Die Initiative der Außenminister des Weimarer Dreiecks im Auftrag der EU war richtig: Es galt, die Gewalt, begangen und provoziert durch das Regime Janukowitsch zu beenden, aber ihm selbst einen Ausweg zu eröffnen, indem parlamentarische Opposition und der Maidan-Rat einem Fahrplan zu einer neuen Verfassung und zu Neuwahlen zustimmten. Die Menschen auf dem Maidan konnten dadurch allerdings nicht verpflichtet werden, und Janukowitsch war der erste, der die Vereinbarung nicht erfüllte – er muss fast unmittelbar nach Unterzeichnung „zum Packen“ in seinen Landsitz gefahren sein. Teil der Vereinbarung war, dass innerhalb 48 Stunden die Verfassung von 2004 wieder in Kraft gesetzt wurde, dies geschah dann sogar unmittelbar. Die Verfassung sieht übrigens vor, dass eine ausländische Macht nur vom Parlament eingeladen werden kann, dem Land mit Truppen zu Hilfe zu kommen. Der angebliche Brief Janukowitschs an Putin, der von Russland einen Militäreinsatz in der Ukraine fordert, wäre somit durch die ukrainische Verfassung nicht gedeckt.

Putins Kalkül ist in mehrfacher Hinsicht nicht aufgegangen.
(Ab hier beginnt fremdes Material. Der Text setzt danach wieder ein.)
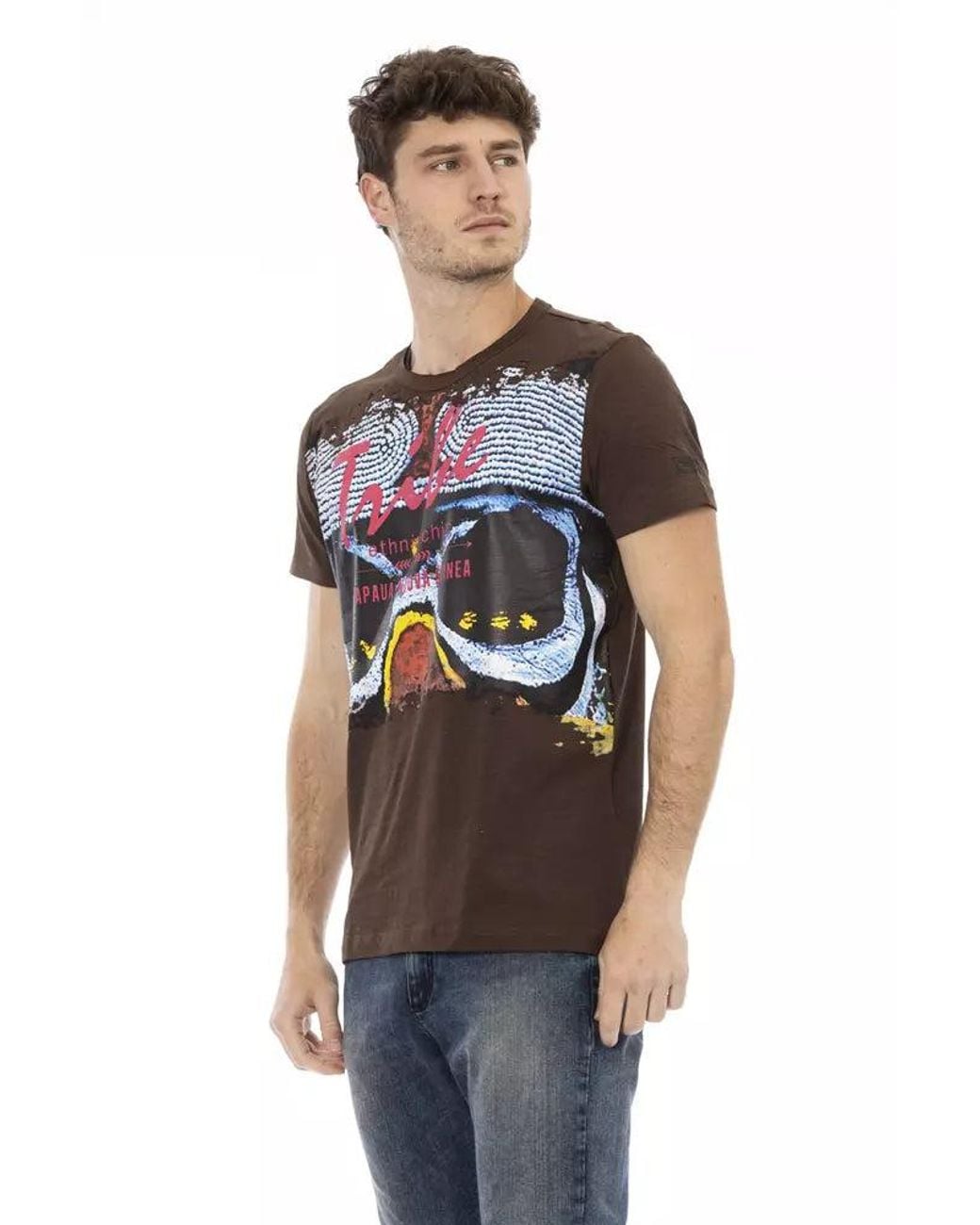 TRUSSARDI ACTION Black Brown Cotton Men T for men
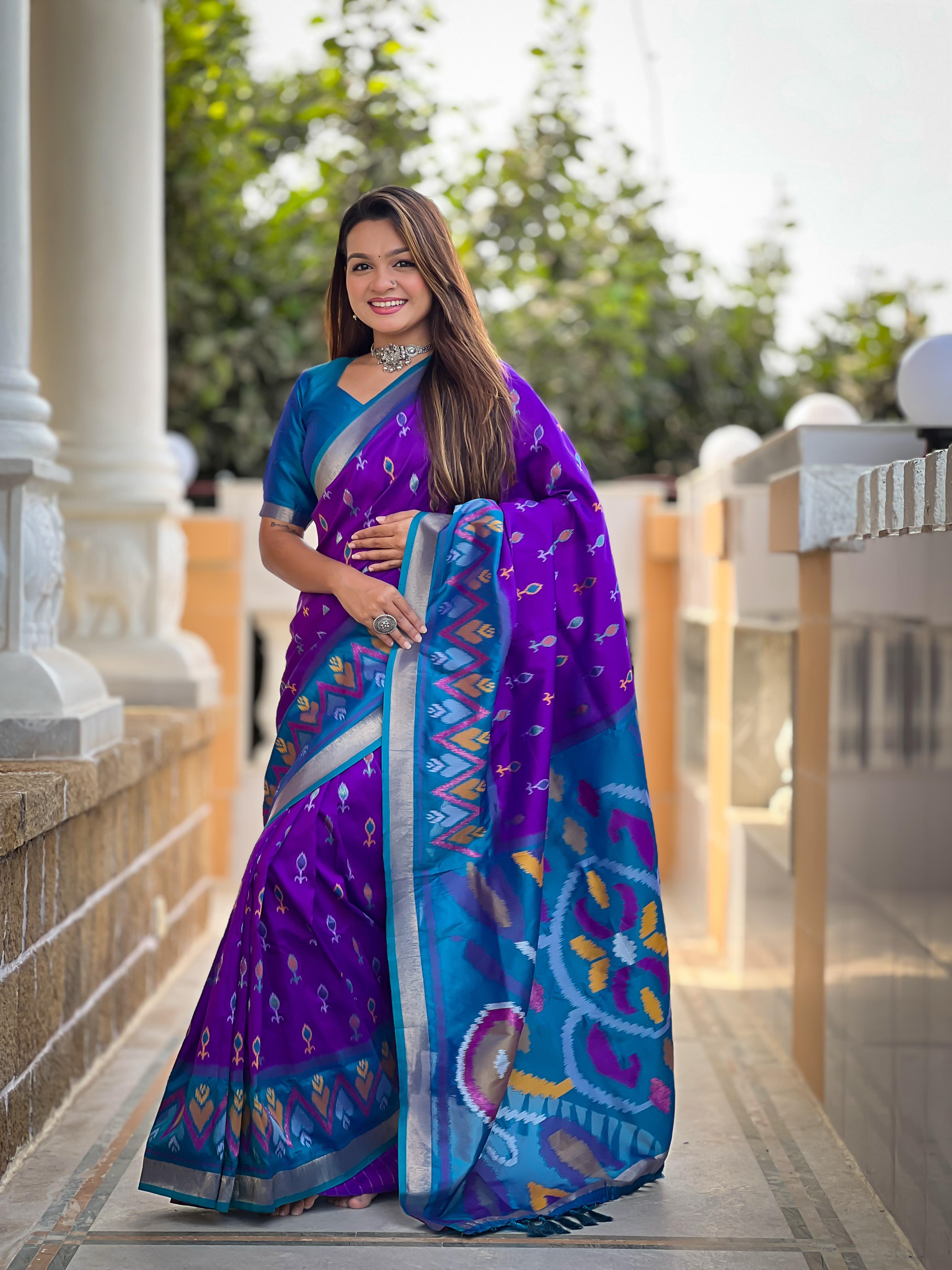 Purple Pure Soft Patola Silk Saree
Weder hat sich die ukrainische Regierung zu militärischen Maßnahmen provozieren lassen, noch sind massenweise Soldaten übergelaufen – im Gegenteil.

All das eröffnet jetzt den Raum für diplomatische Aktivitäten: Russland konnte sich einer unbewaffneten OSZE-Polizei-Beobachtermission auf der Krim nicht widersetzen. EU und USA senden gleichlautende Botschaften, und der außerordentliche Europäische Rat am 6. März, wird, so ist zu hoffen, substanzielle Entscheidungen treffen. Einiges dringt schon durch: Gegen 18 Vertreter des alten Regimes aus der Ukraine sind bereits Maßnahmen in Form von Kontosperren ergangen. Wir sollten den Ehrgeiz haben, möglichst viele der unterschlagenen Milliarden der ukrainischen Staatskasse zuzuführen und gleichzeitig Expertise anbieten, die Steuerverwaltung effektiv und rechtsstaatlich zu organisieren.

Die EU wird bis 2016 zunächst 11 Milliarden Euro zur Verfügung stellen, um beizutragen, den Staatsbankrott zu verhindern. Wir sollten am Donnerstag ein frühes Datum zur Unterzeichnung des DCFTA und Assoziierungsabkommens vereinbaren, auch wenn wir wissen, dass die Implementierung eine enorme Herausforderung für alle Beteiligten ist. Sie bietet aber eine konkrete Tagesordnung, die es abzuarbeiten gilt.

Für eine Win-Win-Situation in der Region

Gegenüber Russland muss die Haltung deutlich bleiben: geordneter Rückzug von der Krim bis auf den Rahmen, der durch das Stationierungsabkommen gedeckt ist, Unterlassen weiterer Provokationen im Osten des Landes, Verpflichtung zur konstruktiven Zusammenarbeit im Rahmen der OSZE-Mission. Beide, Russland und die Ukraine, müssen zu einem fortgesetzten politischen Dialog ermuntert werden, der alle bilateralen Fragen auf die Tagesordnung bringt. Und wenn wir über russische Interessen sprechen, dann sind die insofern zu berücksichtigen, als sie legitim sind. Und legitim ist (nur) das, was durch bestehendes Völkerrecht, multilaterale und bilaterale Verträge und gemeinsame Mitgliedschaften in internationalen Organisationen gedeckt ist. Wir müssen dafür werben, dass es für alle um eine Win-Win-Situation in der Region geht, mit dem Fokus auf das Wohl und den politischen Willen der Bürger der Ukraine, deren stabile Entwicklung zum allseitigen Vorteil ist.